I am having trouble calculating the volume of an unconventional and variable geometric shape (the fork of a tree). I have a conical (frustum) segment which splits and merges at the smaller end into the larger end of 2 smaller conical (frustum) segments and need to calculate the volume of the internal space (using only the length measurements (for each conal frustum), radius measurements (for all 3) and angle measurements (between the middle lines of each of the 2 splitting conal frustums). A diagram (Branching Point) of this should be attached and will make significantly more sense than i do... (Note: i realize in the diagram my radius measurements are a bit displaced but i have the distance of these from the end points and can account for this with a little trigonometry)

Where I am stuck is calculating the volume of the area between the 3 segments, which is infuriating enough on its own, however is further complicated by the problem that (much like the branch of a tree) the two segments may not be the same size nor will the angle between the two segments be constant. Any resultant calculations will have to accommodate for these variables by incorporating them into the equation.

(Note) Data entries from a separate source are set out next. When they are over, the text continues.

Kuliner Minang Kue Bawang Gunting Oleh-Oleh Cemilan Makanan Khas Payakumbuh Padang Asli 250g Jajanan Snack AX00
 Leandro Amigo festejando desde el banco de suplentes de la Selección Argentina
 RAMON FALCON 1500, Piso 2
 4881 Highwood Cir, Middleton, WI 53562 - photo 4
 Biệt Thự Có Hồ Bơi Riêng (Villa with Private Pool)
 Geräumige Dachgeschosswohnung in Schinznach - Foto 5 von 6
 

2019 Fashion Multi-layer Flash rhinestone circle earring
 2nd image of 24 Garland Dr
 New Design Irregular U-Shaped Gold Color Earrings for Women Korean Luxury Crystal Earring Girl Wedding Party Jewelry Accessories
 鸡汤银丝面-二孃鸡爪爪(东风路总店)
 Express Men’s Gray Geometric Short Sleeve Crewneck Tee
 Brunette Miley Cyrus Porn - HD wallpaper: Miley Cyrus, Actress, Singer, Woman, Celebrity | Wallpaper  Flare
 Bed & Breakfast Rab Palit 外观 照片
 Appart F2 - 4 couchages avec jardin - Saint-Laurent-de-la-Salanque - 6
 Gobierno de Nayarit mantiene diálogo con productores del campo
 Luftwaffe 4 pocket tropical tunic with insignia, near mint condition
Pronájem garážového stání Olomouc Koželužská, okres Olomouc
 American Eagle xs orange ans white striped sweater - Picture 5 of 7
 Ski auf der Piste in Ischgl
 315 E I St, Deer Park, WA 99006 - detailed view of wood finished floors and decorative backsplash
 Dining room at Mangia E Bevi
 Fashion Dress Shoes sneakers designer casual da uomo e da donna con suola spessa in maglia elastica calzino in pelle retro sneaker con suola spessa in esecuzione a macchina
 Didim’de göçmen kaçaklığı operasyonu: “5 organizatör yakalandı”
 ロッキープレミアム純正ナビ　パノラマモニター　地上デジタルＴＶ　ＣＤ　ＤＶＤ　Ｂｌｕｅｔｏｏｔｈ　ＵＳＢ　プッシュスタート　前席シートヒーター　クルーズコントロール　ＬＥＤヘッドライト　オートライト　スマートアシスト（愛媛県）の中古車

I really am quite stuck here, calculating the volume for each of the conal frustums individually is relatively straight forward, wherein volume can be calculated as [{((π*L)/3)*(R squared + (R*r) + r squared)} where V = Volume, L = Length, R = the largest radius and r = the smallest radius], however for the space in between I'm drawing a blank. The only strategy i can think of is to calculate the volume of the intersection using 4 segments each consisting of a conal frustum that is divided by 2 (this should make more sense in the diagram also (CF method)).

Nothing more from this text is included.